Found this site: http://choosealicense.com

I guess there is no reason to not pick the strongest copyleft (gnu) license.
Salgare
Center for Advanced Studies
Gallente Federation
#2 - 2016-08-23 16:56:30 UTC
Also, any help of how to handle CCP license would be appreciated. i.e. logo's required on gui's, reference in source file headers, reference in source root (i.e. license.md's, copy.md's etc.)
Dragonaire
Here there be Dragons
#3 - 2016-08-24 19:03:14 UTC
GPL is usually best and what I've used. If you are looking to release something that is more of an library that a tool or an app might look at LGPL. I decided it was a better fit for Yapeal when I was looking at the same thing.

As far as the CCP licensing I haven't really dealt with that since I'm not doing any kind of app or anything but made sure you've read through the third party licensing stuff from them and work on the principal that it's better to over do copyright notices etc than to under and you should be okay. Hopefully someone else that has done front-end apps can step in with some more ideas here.

Finds camping stations from the inside much easier. Designer of Yapeal for the Eve API. Check out the Yapeal PHP API Library thread.

Salgare
Center for Advanced Studies
Gallente Federation
#4 - 2016-08-25 02:00:19 UTC
Dragonaire wrote:
GPL is usually best and what I've used. If you are looking to release something that is more of an library that a tool or an app might look at LGPL. I decided it was a better fit for Yapeal when I was looking at the same thing.

As far as the CCP licensing I haven't really dealt with that since I'm not doing any kind of app or anything but made sure you've read through the third party licensing stuff from them and work on the principal that it's better to over do copyright notices etc than to under and you should be okay. Hopefully someone else that has done front-end apps can step in with some more ideas here.


Thanks Dragonaire, I noticed you were using the lgpl. I ended up going with this as well. If I understand it correctly, what this means is that any additions/modifications to forked code must give that fork the same licenses, but that the code using said fork can be what ever license it desires. Thus the blood line of the original improves and is available to all, but others using it are not locked down.

In working on github, I found they will host a static domain web server for you and its very easy to use.
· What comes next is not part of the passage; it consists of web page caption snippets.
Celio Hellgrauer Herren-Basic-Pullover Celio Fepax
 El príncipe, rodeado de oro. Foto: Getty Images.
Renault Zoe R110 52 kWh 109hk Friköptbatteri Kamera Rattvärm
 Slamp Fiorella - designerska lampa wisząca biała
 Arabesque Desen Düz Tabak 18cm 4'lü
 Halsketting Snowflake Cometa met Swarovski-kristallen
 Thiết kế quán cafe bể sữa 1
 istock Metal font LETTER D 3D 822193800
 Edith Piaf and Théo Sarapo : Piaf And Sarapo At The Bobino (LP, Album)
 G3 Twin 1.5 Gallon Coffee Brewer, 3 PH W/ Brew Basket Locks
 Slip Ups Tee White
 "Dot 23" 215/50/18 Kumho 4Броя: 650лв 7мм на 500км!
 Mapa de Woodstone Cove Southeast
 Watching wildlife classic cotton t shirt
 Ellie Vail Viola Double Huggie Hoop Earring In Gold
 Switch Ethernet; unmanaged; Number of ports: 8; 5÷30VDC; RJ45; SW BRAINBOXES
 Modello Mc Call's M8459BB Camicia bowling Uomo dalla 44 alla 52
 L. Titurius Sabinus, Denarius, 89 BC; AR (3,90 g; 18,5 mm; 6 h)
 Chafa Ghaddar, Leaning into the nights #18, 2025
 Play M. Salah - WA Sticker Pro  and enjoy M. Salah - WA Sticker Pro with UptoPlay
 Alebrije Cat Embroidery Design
I went with the "master gh-pages branch" method, which is really cool/easy simply push to the branch and it publishes.

I simply captured some info from posting here that I want to remember/fix up later, but I got my licensing, copyright, twitter, email and now domain all fixed up ... check it out:


https://timpanogos.github.io/crestj - static hosted
https://github.com/timpanogos/crestj - see readme links everything up
Dragonaire
Here there be Dragons
#5 - 2016-08-25 18:09:14 UTC
Yeah it let's them license their app however they like but they have to give back and make sure to let people know about the license on your project which seems a good balance for what I was doing. Looking at what your doing it's also seems like a good match to me.

Finds camping stations from the inside much easier. Designer of Yapeal for the Eve API. Check out the Yapeal PHP API Library thread.

Golden Gnu
Lobach Inc.
#6 - 2016-08-26 19:29:01 UTC
I just wanted to add my 2 cents to this:

Choosing GPL instead of LGPL for libraries force people to use an open source license if they want to use your library, this can help make some software open source, that would have been closed source otherwise. Simplified: more user vs more open source software. There are no wrong chooses, as far as I understand it, it's more about personal preference (what you want to allow). Anyway, I just wanted to add this observation. :)

Creator of jEveAssets - the asset manager

"Download is the meaning of life, upload is the meaning of intelligent life"

Salgare
Center for Advanced Studies
Gallente Federation
#7 - 2016-08-26 20:28:47 UTC
Golden Gnu wrote:
I just wanted to add my 2 cents to this:

Choosing GPL instead of LGPL for libraries force people to use an open source license if they want to use your library, this can help make some software open source, that would have been closed source otherwise. Simplified: more user vs more open source software. There are no wrong chooses, as far as I understand it, it's more about personal preference (what you want to allow). Anyway, I just wanted to add this observation. :)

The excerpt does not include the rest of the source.